Vancouver Island school gets new Indigenous name ahead of National Day for Truth and Reconciliation
CBC
A Vancouver Island school named after a racist politician has been renamed to be culturally appropriate, and honour the land and local First Nations.
Children, staff and community members donning orange shirts gathered on Wednesday morning for a ceremony to rename A. W. Neill Elementary School in Port Alberni. The name of the school is now c̓uumaʕas Tsuma-as Elementary School. Tsuma-as is the Nuu-chah-nulth name for the nearby Somass River, spelled as c̓uumaʕas in the Nuu-chah-nulth alphabet.
The official renaming comes just before the inaugural National Day for Truth and Reconciliation, an annual observance honouring Indigenous children who died at residential schools and the survivors, families and communities who continue to be affected by the damaging legacy of those facilities.

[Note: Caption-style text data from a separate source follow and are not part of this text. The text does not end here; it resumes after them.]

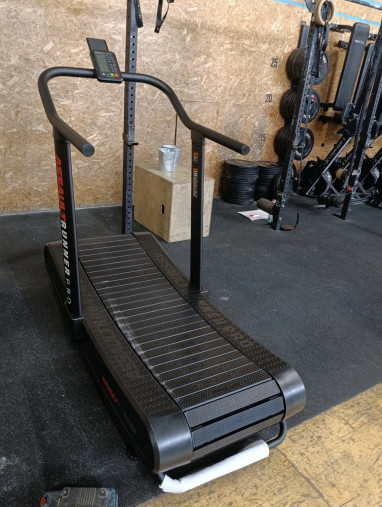 Беговая дорожка Assault Runner Pro (модель 2026) с изогнутым беговым полотном гусеничного типа Беговая дорожка Assault Runner Pro (модель 2026) с изогнутым беговым полотном гусеничного типа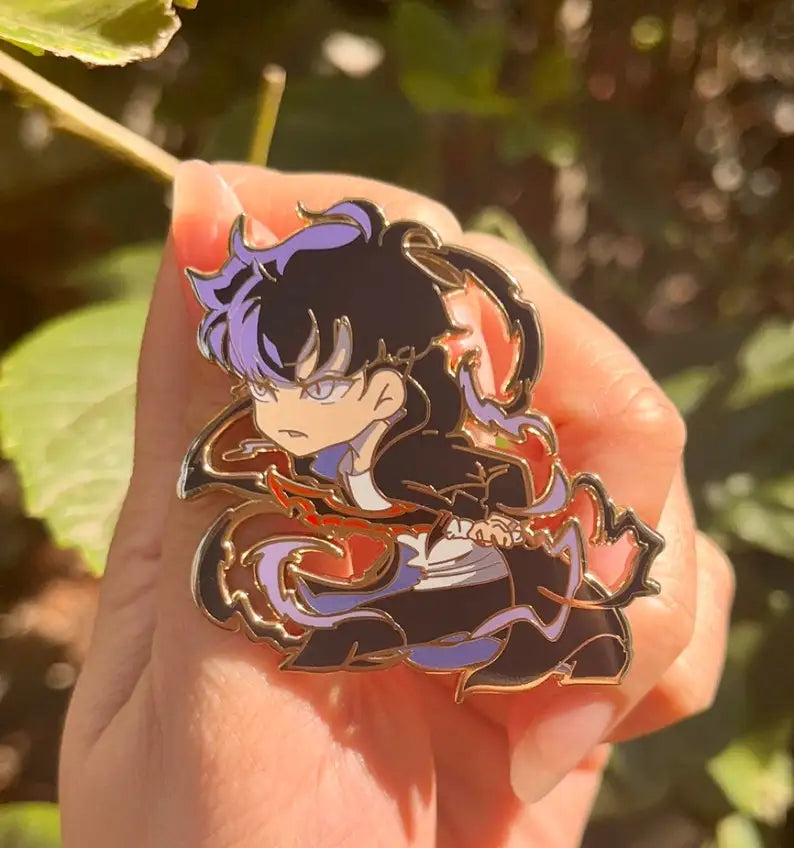 SOLO LEVELING Enamel Pin – Sung Jin-Woo Design - Detail View | Kamigami – Solo Leveling Collectibles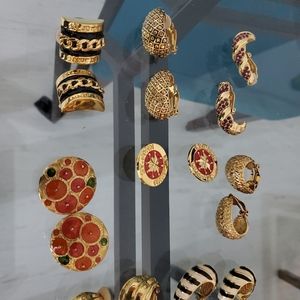 8 PR ST.JOHN CLIP ON EARRINGS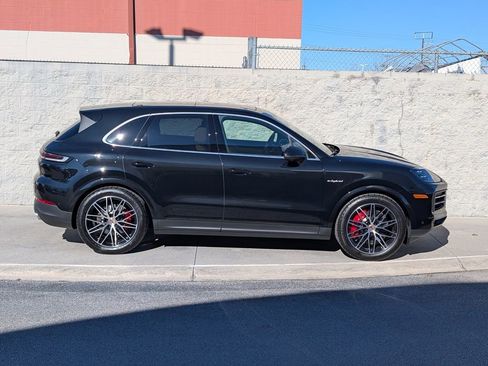 New 2026 Porsche Cayenne S AWD/4WD image 8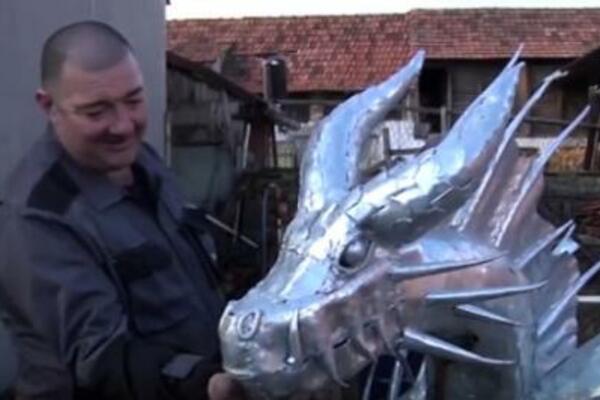 MOŽE DA ISKUJE SVE ŠTO POŽELITE: Kikindski kovač za 16 dana napravio zmaja od 2,5 metra (FOTO)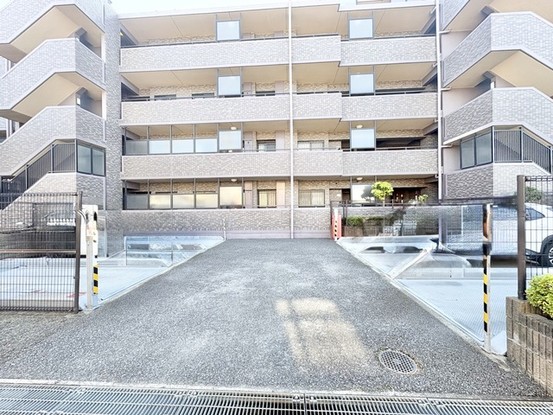 apartment 埼玉県草加市吉町２丁目
地図を見る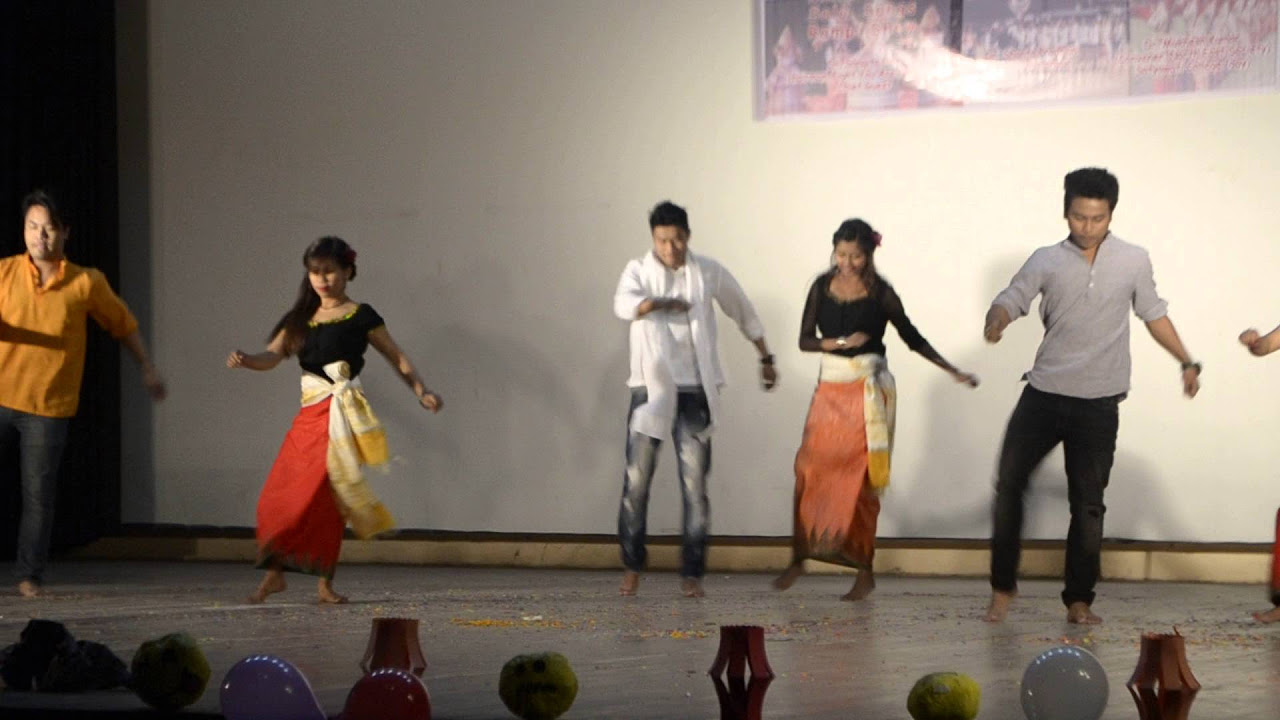Ekai Nungsi Yanare Dance performed by DU college students Freshers meet 2016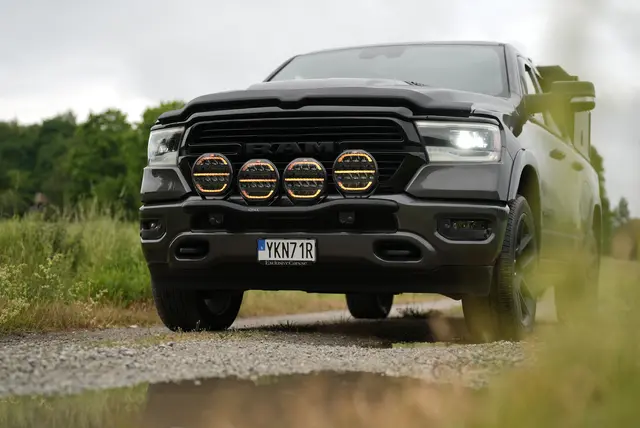 OZZ XR2 P9" fjernlys Sort 16 LED, m/parklys, 15000 lumen 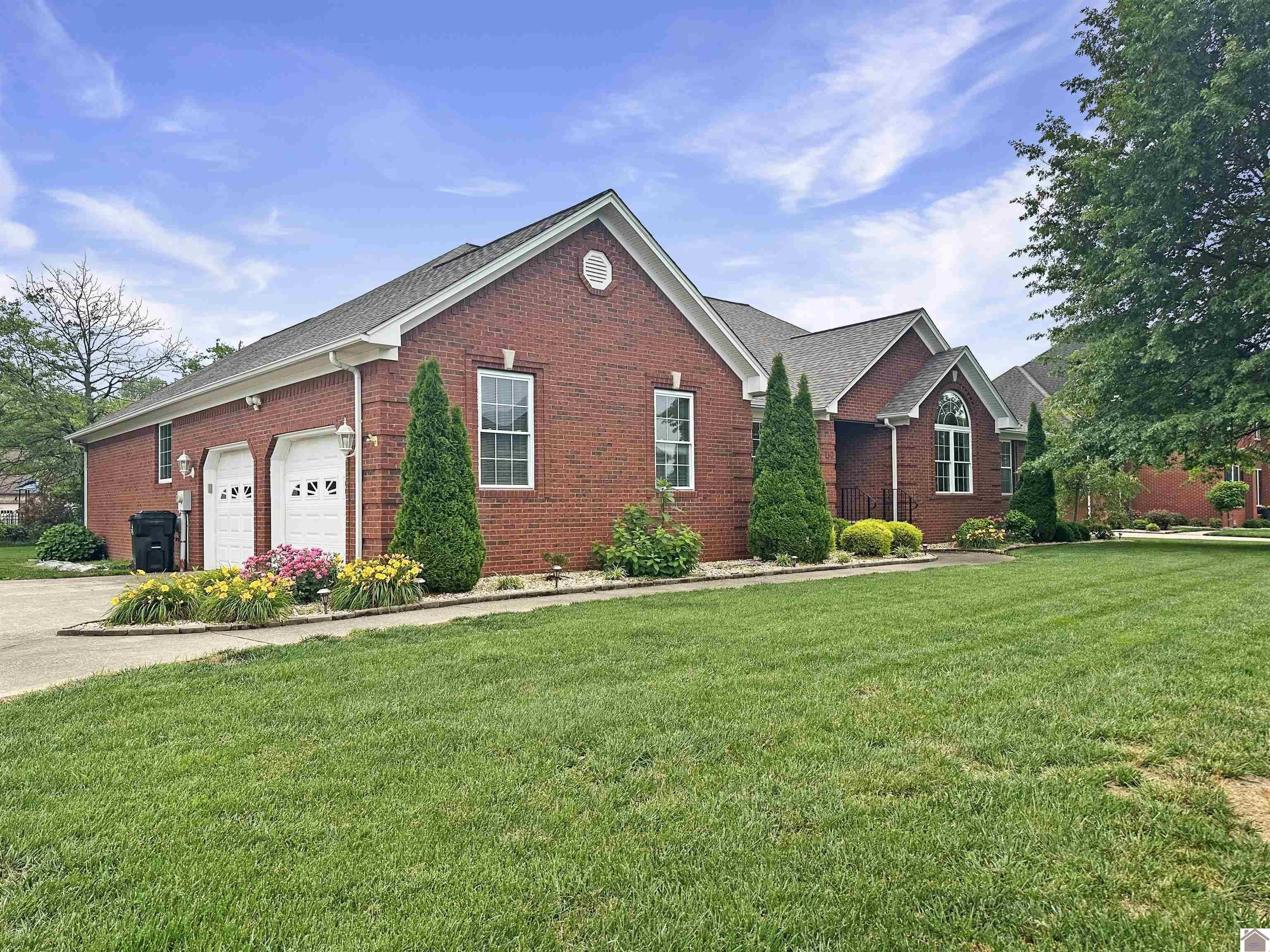 110 Birchwood Dr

The school's former namesake, Alan Webster Neill, served the local settler community as a politician in a variety of roles from 1889 to 1945 including mayor of Port Alberni and MP for the riding of Comox-Alberni from 1921 to 1945. He supported Indian residential schools, anti-Chinese laws in the B.C. legislature and the internment of Japanese people during the Second World War.
Neill's home in Port Alberni included a restriction that it could never be sold to Asian people. The home's covenant was removed in 2019.
Neill died in 1960 at age 91.
Renaming the school was first brought up by school trustee Rosemarie Buchanan in 2015. At first, she says, there was little support, but she remained persistent in her efforts to have the name changed.